_TASK ITEM_
Set down every entry exactly as given. Pictures are to be left out.

_PROVIDED ENTRIES_
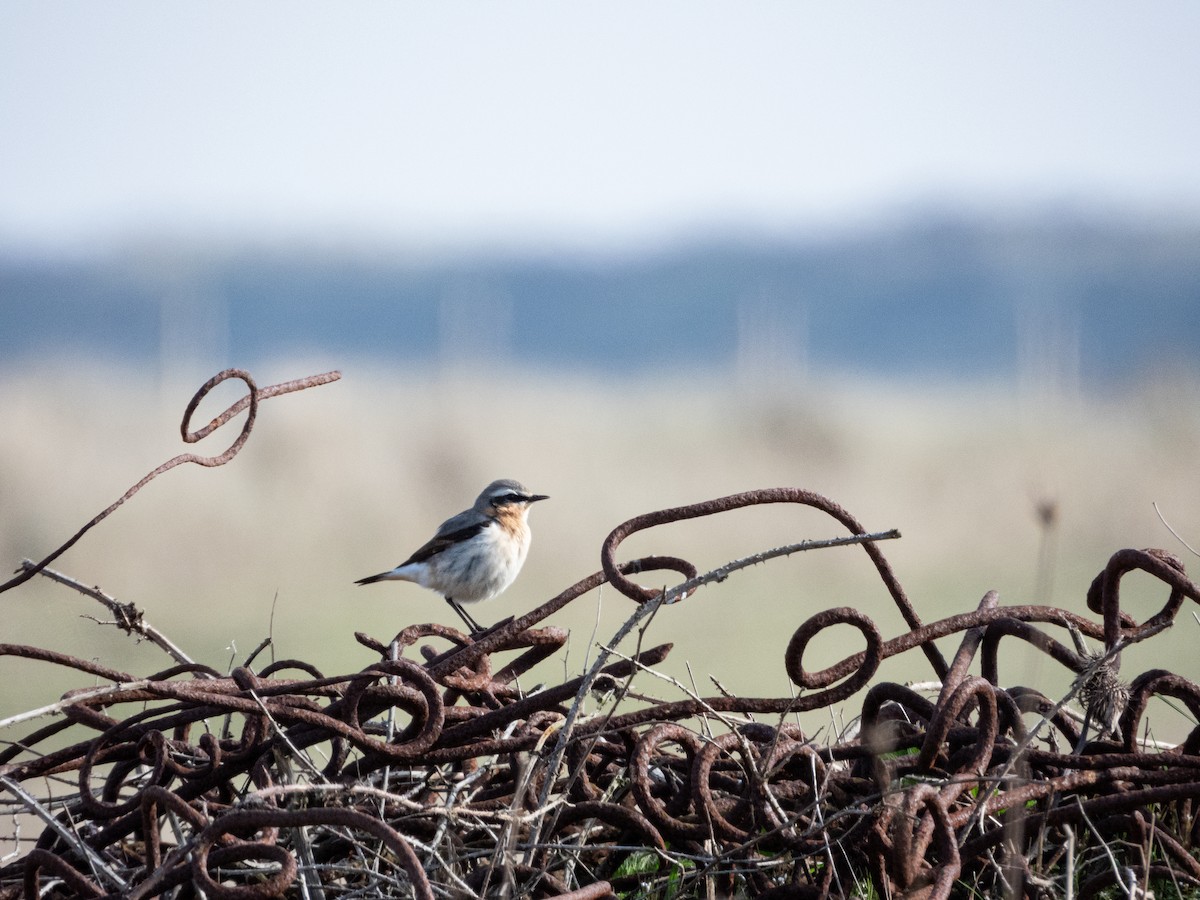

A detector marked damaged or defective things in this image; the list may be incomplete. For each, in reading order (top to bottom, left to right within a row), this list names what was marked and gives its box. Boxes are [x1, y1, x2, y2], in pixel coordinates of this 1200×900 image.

rusty metal wire [2, 370, 1200, 892]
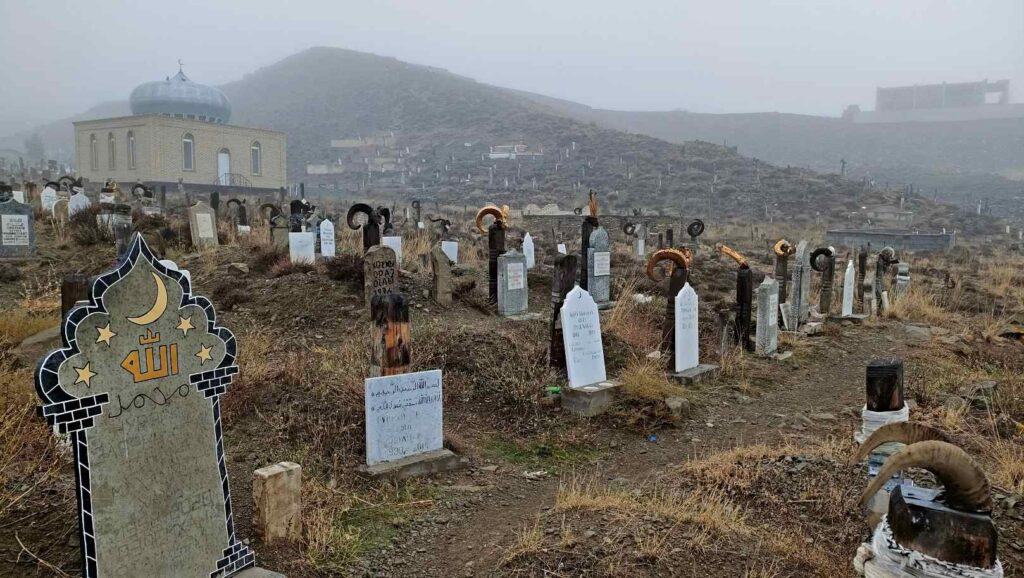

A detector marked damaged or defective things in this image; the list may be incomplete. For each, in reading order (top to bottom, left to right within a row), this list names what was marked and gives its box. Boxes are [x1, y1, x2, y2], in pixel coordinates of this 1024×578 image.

rusted metal marker [478, 202, 512, 302]
rusted metal marker [644, 245, 692, 362]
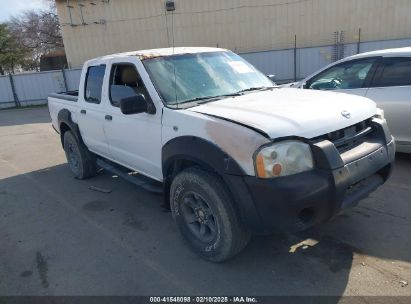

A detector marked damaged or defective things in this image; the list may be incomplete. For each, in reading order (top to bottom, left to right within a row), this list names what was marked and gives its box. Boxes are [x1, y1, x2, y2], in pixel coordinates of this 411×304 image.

dented hood [188, 88, 378, 139]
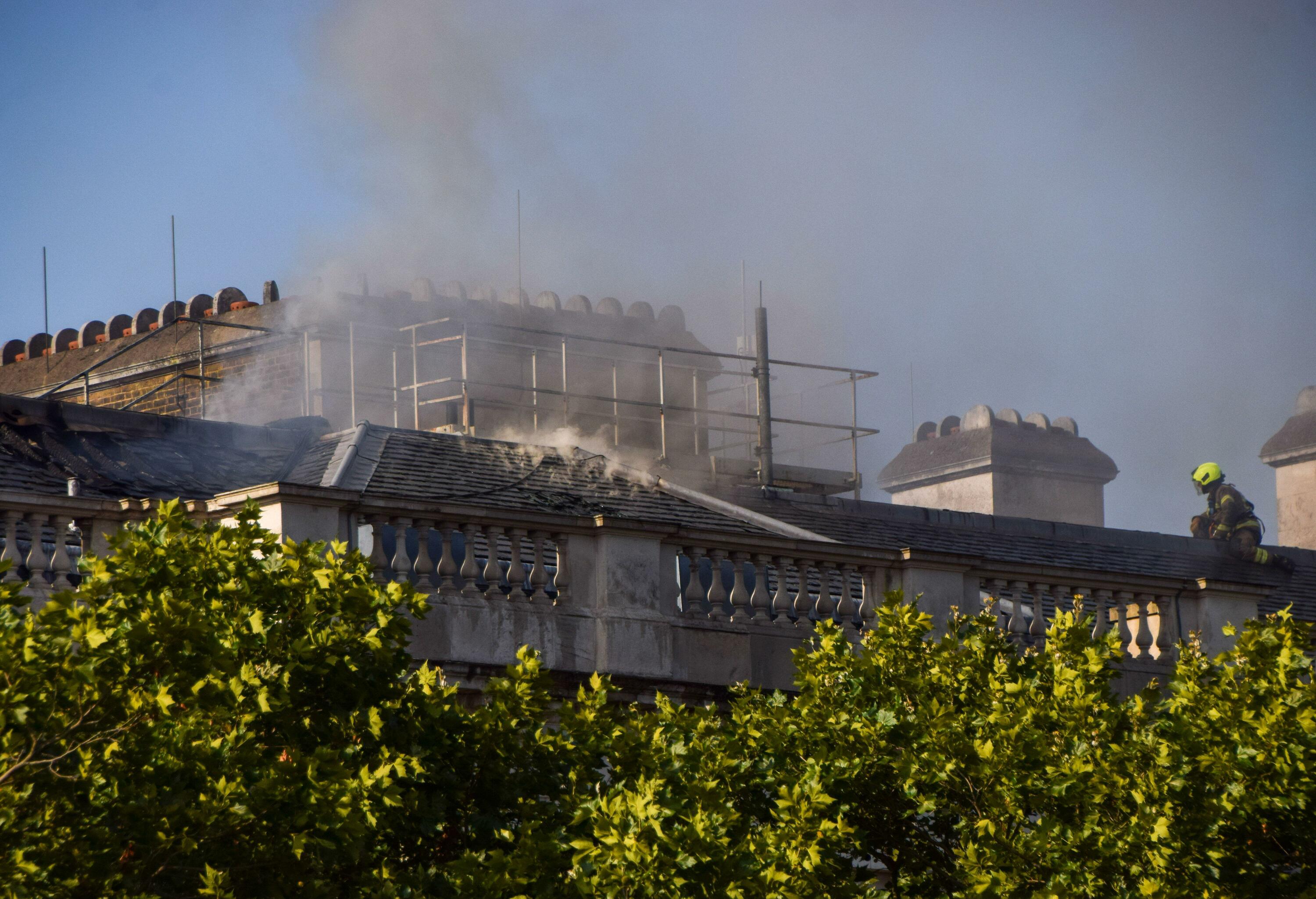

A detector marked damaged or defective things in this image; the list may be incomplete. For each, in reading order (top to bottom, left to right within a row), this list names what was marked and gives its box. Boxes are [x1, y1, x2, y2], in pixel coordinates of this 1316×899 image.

burnt roofing [733, 488, 1316, 621]
damaged roof [737, 488, 1316, 621]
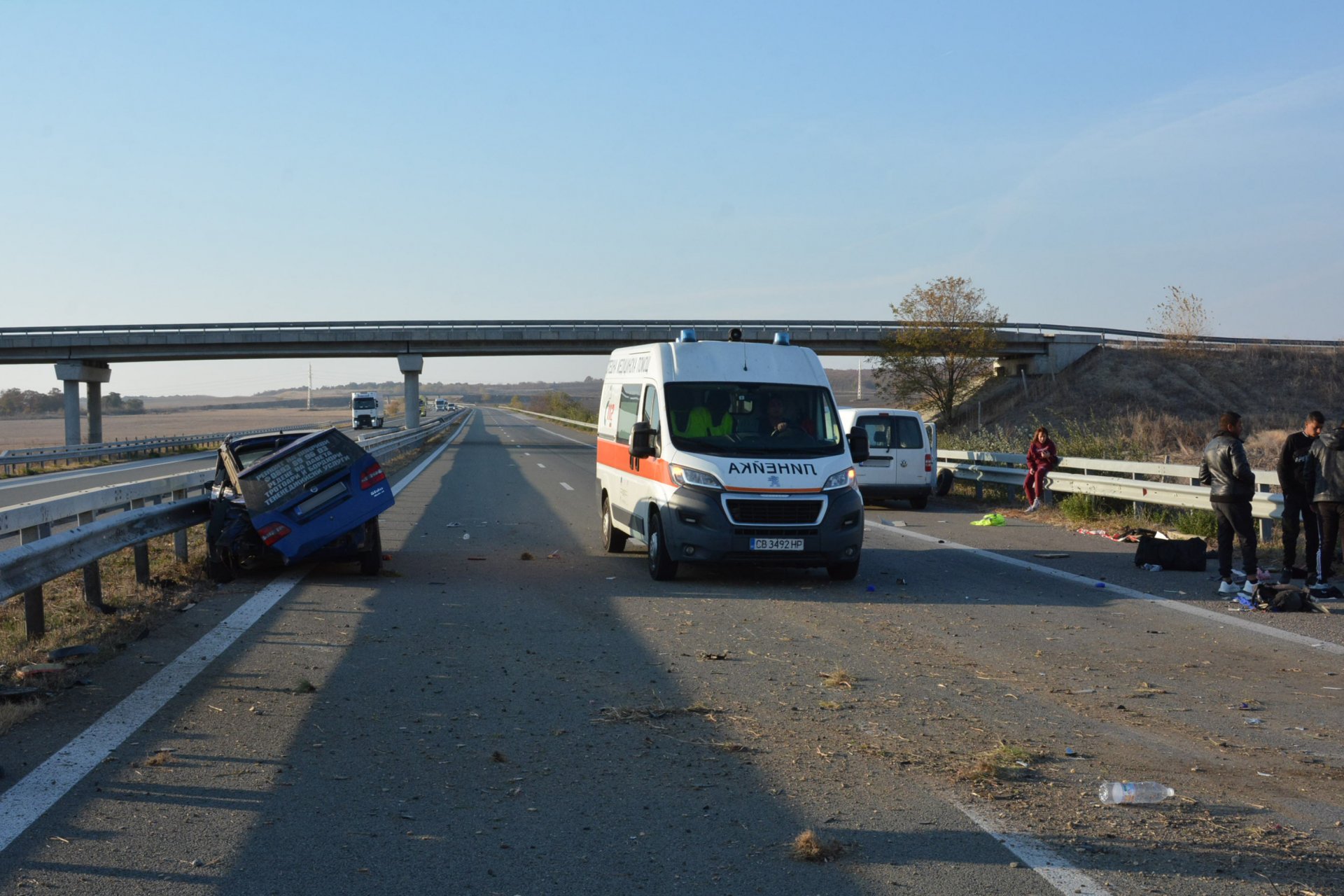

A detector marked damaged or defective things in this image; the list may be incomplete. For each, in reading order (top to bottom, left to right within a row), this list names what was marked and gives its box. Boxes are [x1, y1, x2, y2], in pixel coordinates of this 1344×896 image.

crashed blue car [204, 427, 392, 582]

_COMPLETED EXERCISE_
A detector marked damaged or defective things in this image; the list may be incomplete. For each, in reading order (top to bottom, left to right within a row), this list names what was marked and gives its box. Boxes are [x1, y1, x2, y2], in pixel coordinates of this 1200×900 image.

rusty metal wire [2, 370, 1200, 892]

A detector marked damaged or defective things in this image; the list may be incomplete. For each, in reading order (top to bottom, left to right within a row), this list names what was marked and gives its box. Boxes are [x1, y1, x2, y2], in pixel coordinates of this 1024×578 image.

rusted metal marker [478, 202, 512, 302]
rusted metal marker [644, 245, 692, 362]

A detector marked damaged or defective things in this image; the list may be incomplete. For each, in reading order (top to bottom, left to right within a row), this list names what was marked and gives its box. Boxes are [x1, y1, x2, y2], in pixel coordinates of this 411×304 image.

dented hood [188, 88, 378, 139]

A detector marked damaged or defective things in this image; the list may be incomplete. For each, in reading order (top to bottom, left to right within a row), this list names what was marked and gives its box. Boxes are [x1, y1, x2, y2], in pixel coordinates of this 1316×899 image.

burnt roofing [733, 488, 1316, 621]
damaged roof [737, 488, 1316, 621]

A detector marked damaged or defective things in this image; the list may be incomplete. For each, in reading order (top to bottom, left to right within a row), this list names what was marked and gives its box. Boxes are [x1, y1, x2, y2], in pixel coordinates of this 1344×896 image.

crashed blue car [204, 427, 392, 582]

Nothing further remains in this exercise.